### WORK TASK
Write out the records below from the first line through the line containing "Mini Rainbow Cake", leaving out any pictures.

[Web page caption snippets]
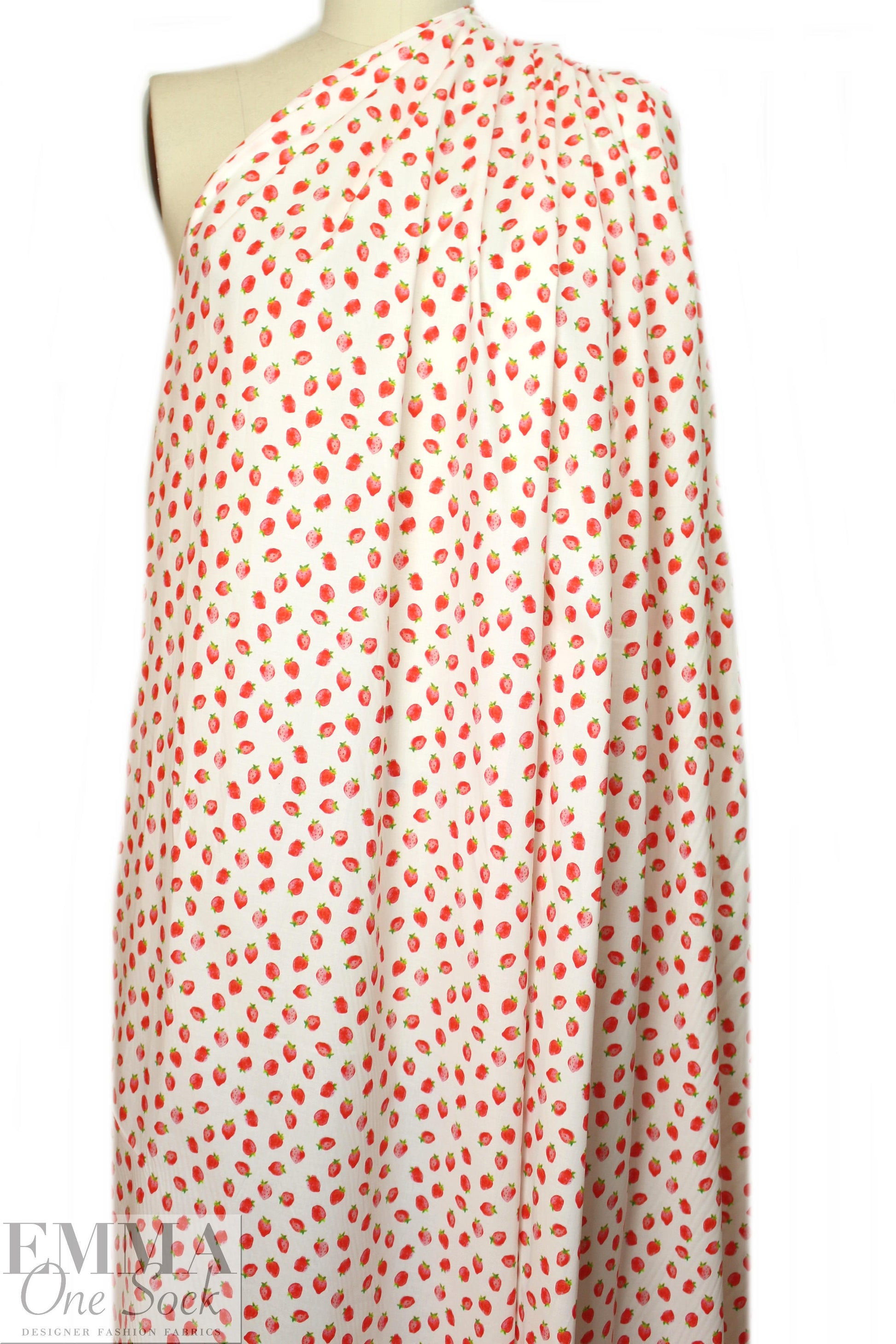 NY designer strawberries cotton stretch shirting 1.66 yds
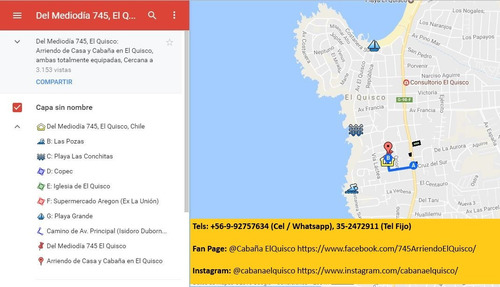 Imagen 15 de 15 de El Quisco Arriendo Casa 7 Pax Y Cabaña 4 Pax 3 Cuadras Playa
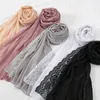 Foulard Hijab musulman en mousseline de soie, avec dentelle, Long châle, à la mode pour femmes, couvre-chef islamique, Turban, nouvelle collection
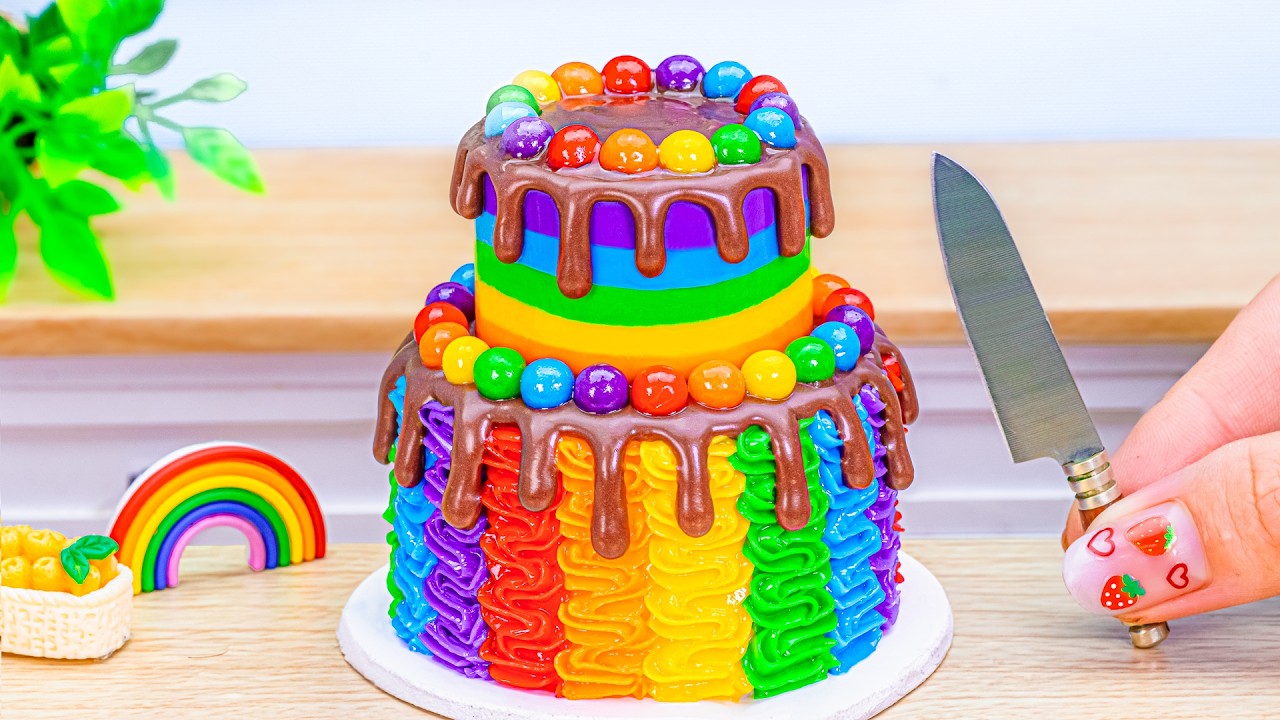 Mini Rainbow Cake Recipe With Chocolate 🌈 Stunning Rainbow Buttercream Cake Decorating and DIY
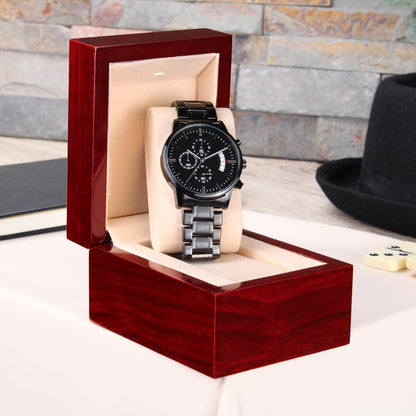 To My Amazing Dad from Daughter | Engraved Father's Day Watch | Engraved Design Black Chronograph Watch | I love You Dad
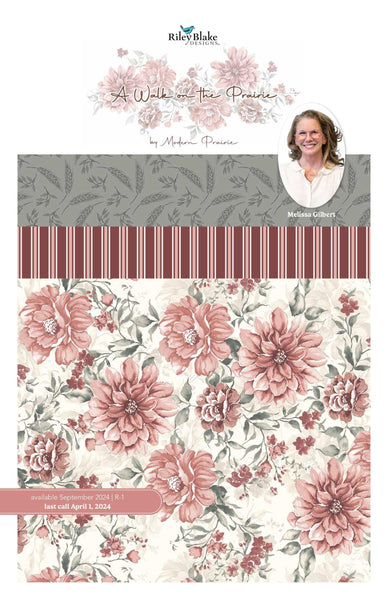 Image of the A Walk on the Prairie storyboard by Modern Prairie for Riley Blake Designs. Features floral fabrics with pink, grey, and cream.
Cute Little Fabric Shop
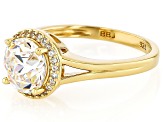 Old European Cut Strontium Titanate 18k Yellow Gold Over Sterling Silver Ring 2.75ctw
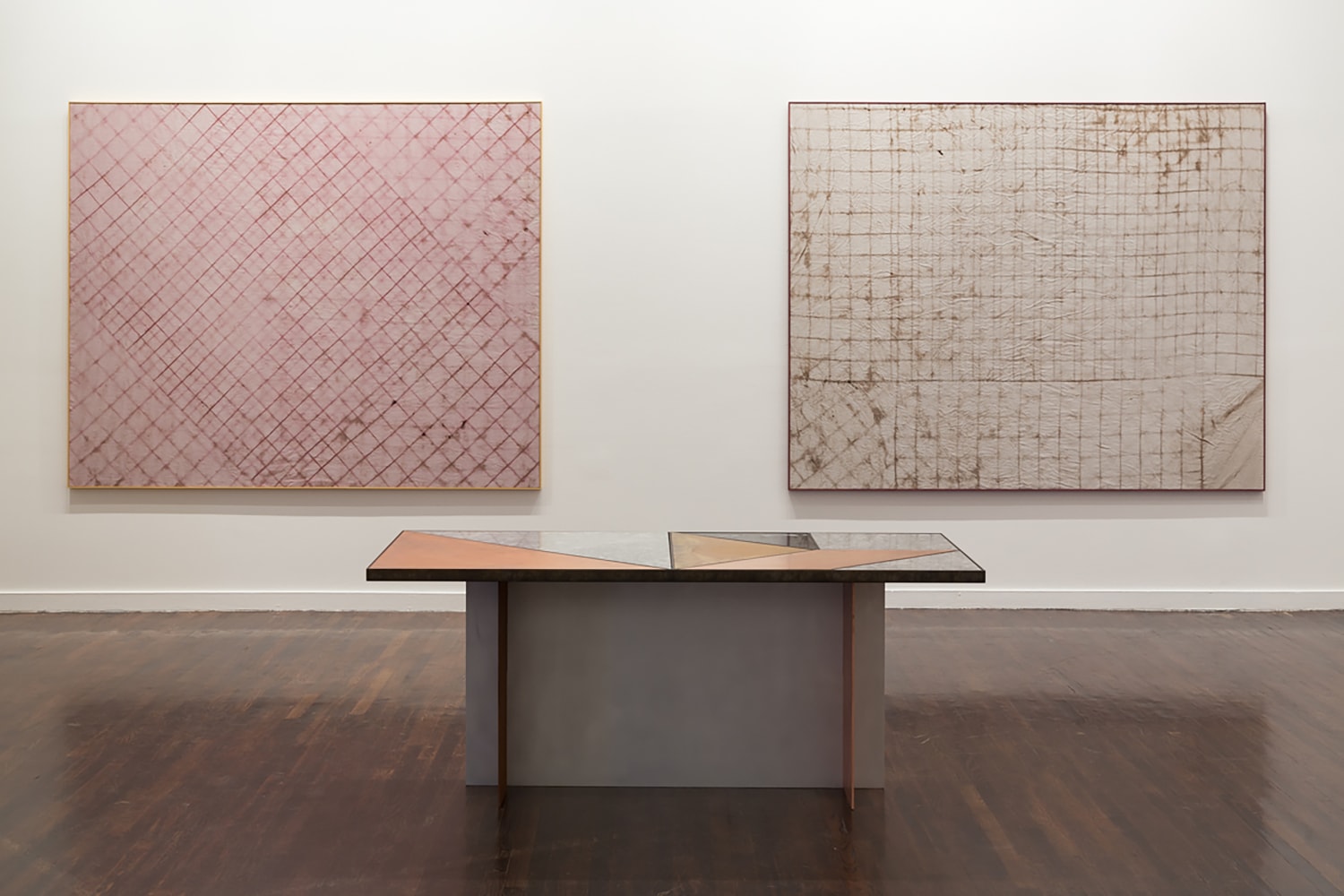 Installation view of works by Sam Falls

### EXPECTED OUTPUT
 NY designer strawberries cotton stretch shirting 1.66 yds
 Imagen 15 de 15 de El Quisco Arriendo Casa 7 Pax Y Cabaña 4 Pax 3 Cuadras Playa
 Foulard Hijab musulman en mousseline de soie, avec dentelle, Long châle, à la mode pour femmes, couvre-chef islamique, Turban, nouvelle collection
 Mini Rainbow Cake Recipe With Chocolate 🌈 Stunning Rainbow Buttercream Cake Decorating and DIY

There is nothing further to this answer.